This summer we learned about one of Amazon’s latest advances in the field of its robots for logistics and storage. It was called Proteus, and it is an autonomous robot theoretically capable of integrating into spaces with humans without risk – in practice it seems that the risks do exist – and being able to move packages from one place to another without problems. Now those efforts are going further with the latest acquisition of Jeff Bezos’s company.
From the textile industry to robots. In 1884 the small town of Hamme, in East Flanders (Belgium) was known for its textile industry. An entrepreneur named Désiré Huwaert founded a company to boost this segment. For six generations the company, called Cloostermans, evolved and changed focus: they are currently dedicated to making machinery and robots for storage buildings.
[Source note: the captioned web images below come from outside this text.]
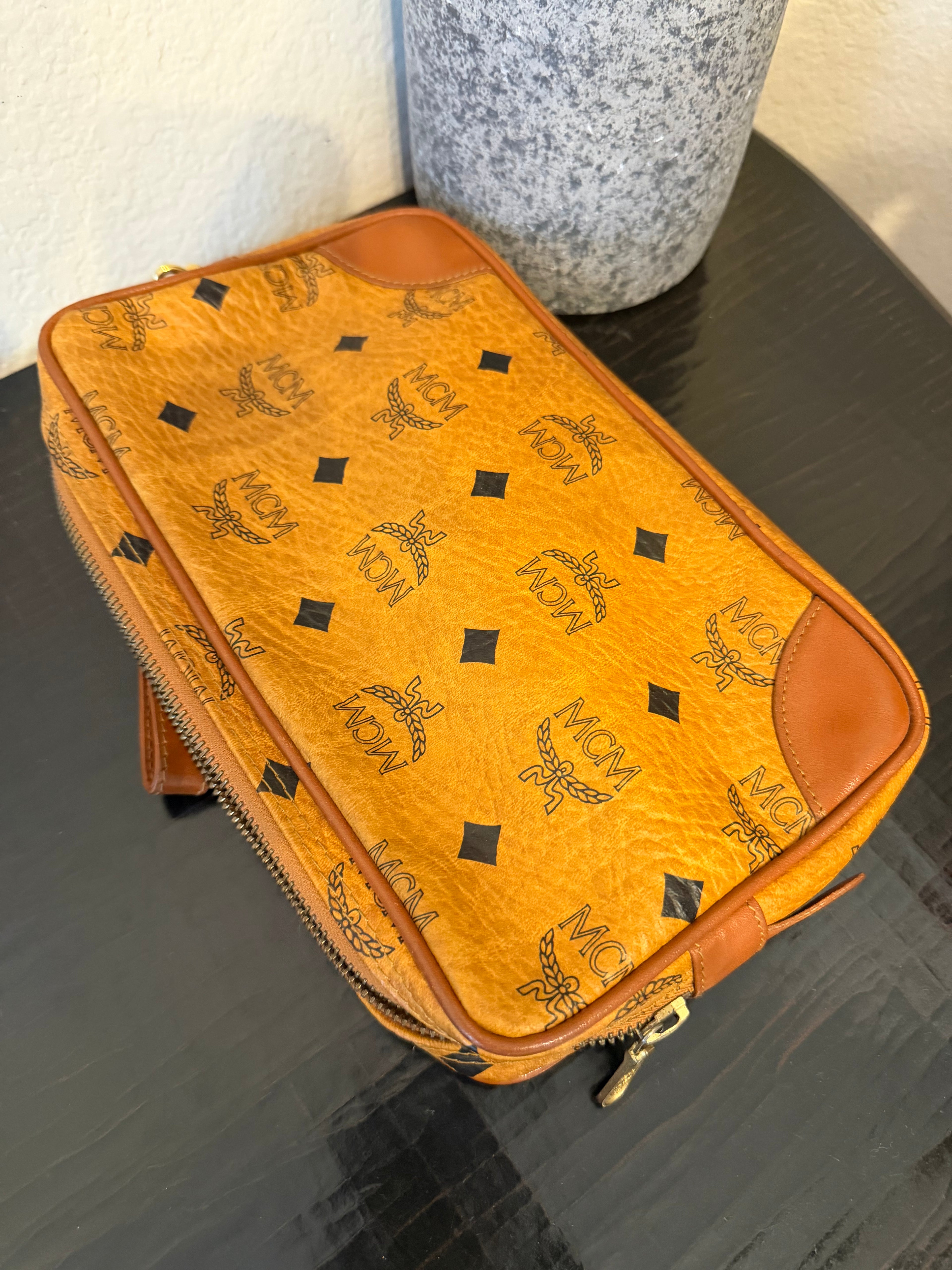 MCM Clutch wristlit with Dustbag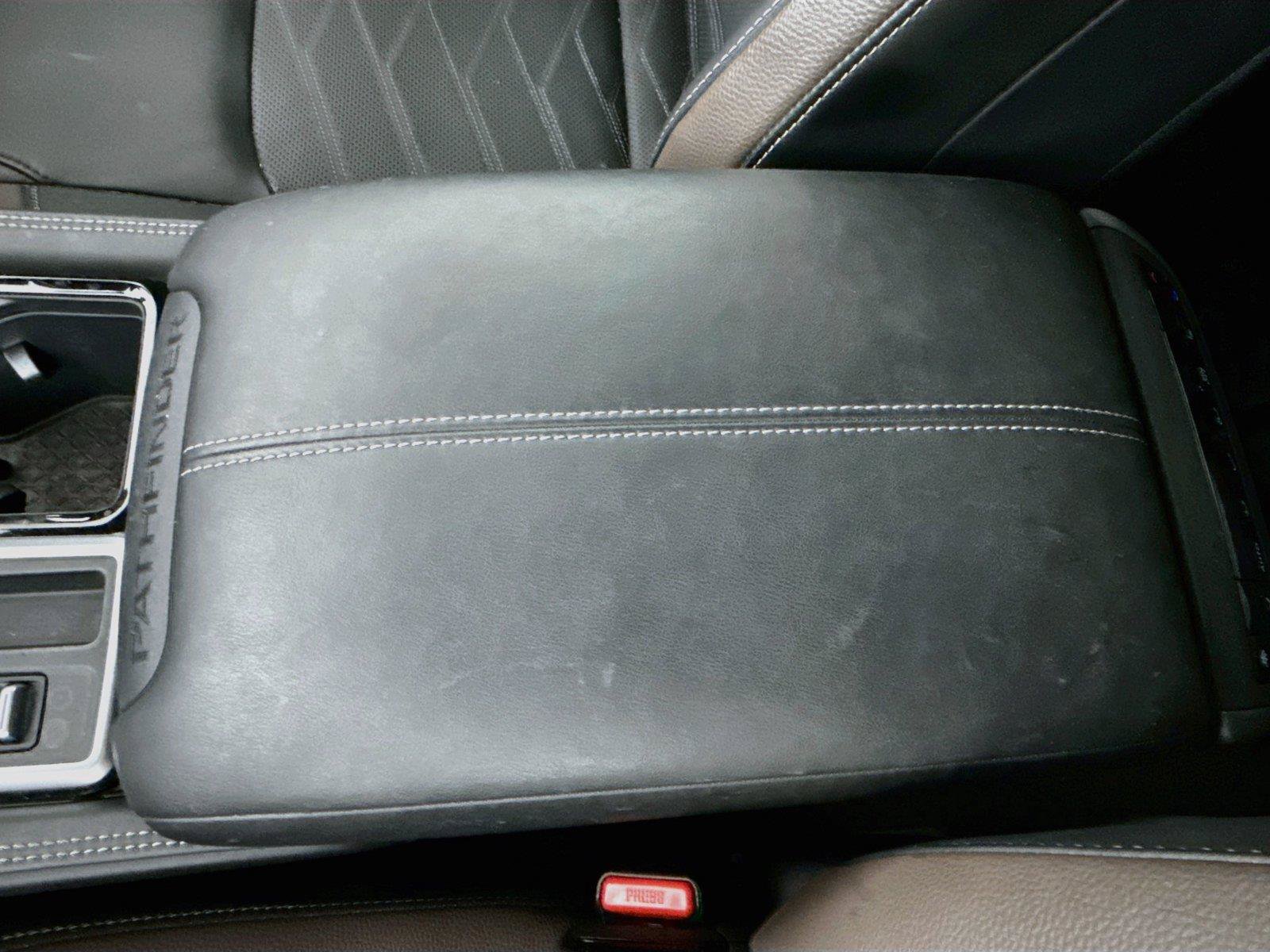 Used 2025 Nissan Pathfinder Platinum FWD image 13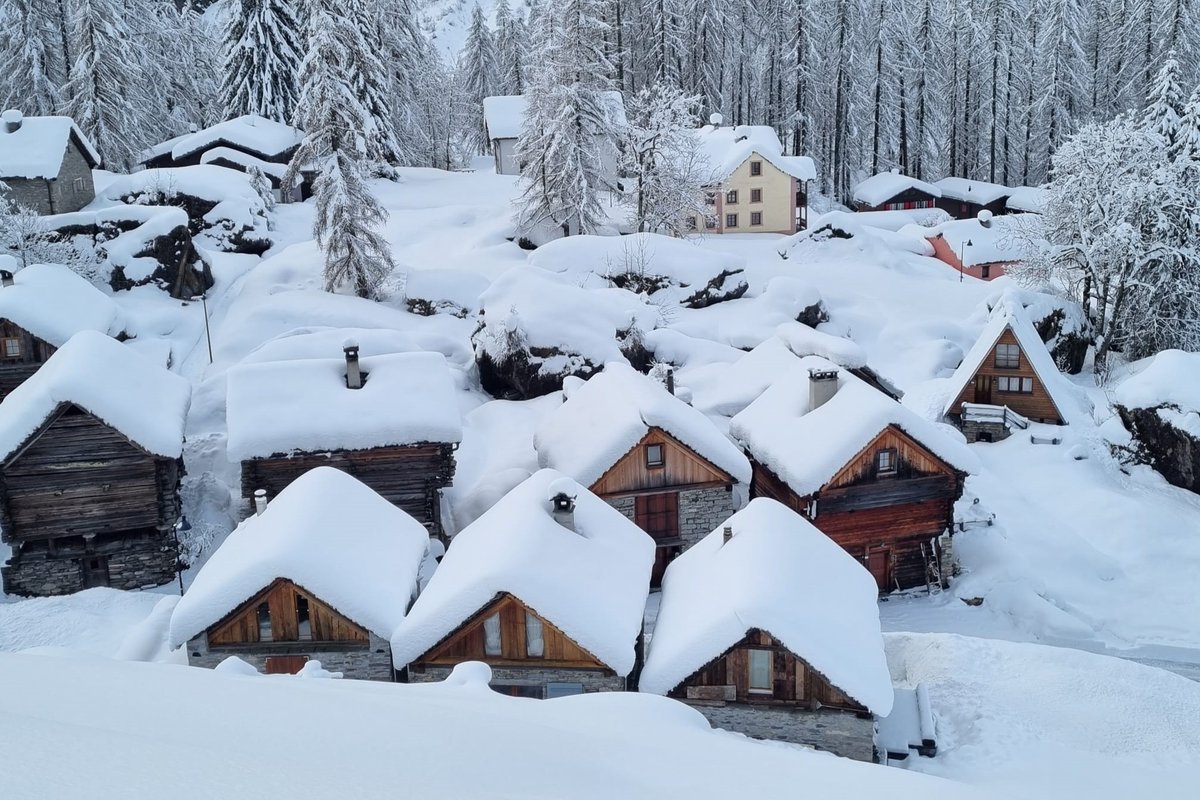 Im Winter und Frühling spielt die Schneeschmelze oft eine entscheidende Rolle bei Hochwasserereignissen. Im heutigen Blog erfahren Sie, wie das @bafuCH, MeteoSchweiz und @SLFDavos im Bereich Schneehydrologie eng zusammenarbeiten: bit.ly/3UAEvr5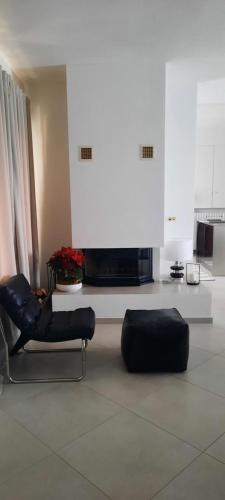 a living room with a chair and a tv at Villa Lara in Marsaglia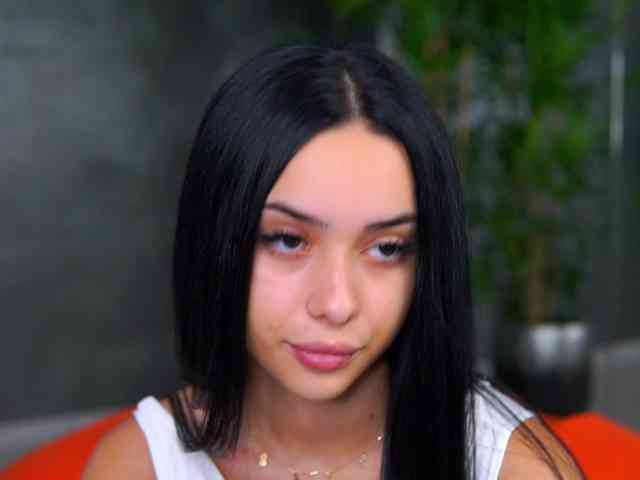 CherrySelena webcam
And logically there is a company that is very interested in this type of development.
Amazon goes shopping. Bezos’s company has been investing significantly in its automation systems for large storage buildings for a decade. The purchase of Kiva Systems in 2012 for 775 million dollars led to the creation of the Global Robotics division, which has now been reinforced by the purchase of Cloostermans-Huwaert.
Investment in automation. As indicated on CNBC, Amazon began working with this Belgian firm in 2019 by using its technology to move and stack pallets and merchandise. It has now acquired this company for an unspecified sum, and its nearly 200 employees will join the Amazon team in Europe.
More robots, but not necessarily fewer people. At Amazon, they have already deployed more than 520,000 robotic units worldwide and at the same time have created a million new jobs. According to its official announcement, automation has not eliminated human jobs but “has led to new positions in our facilities, including examples such as robotics and mechatronics maintenance technicians or flow control specialists.”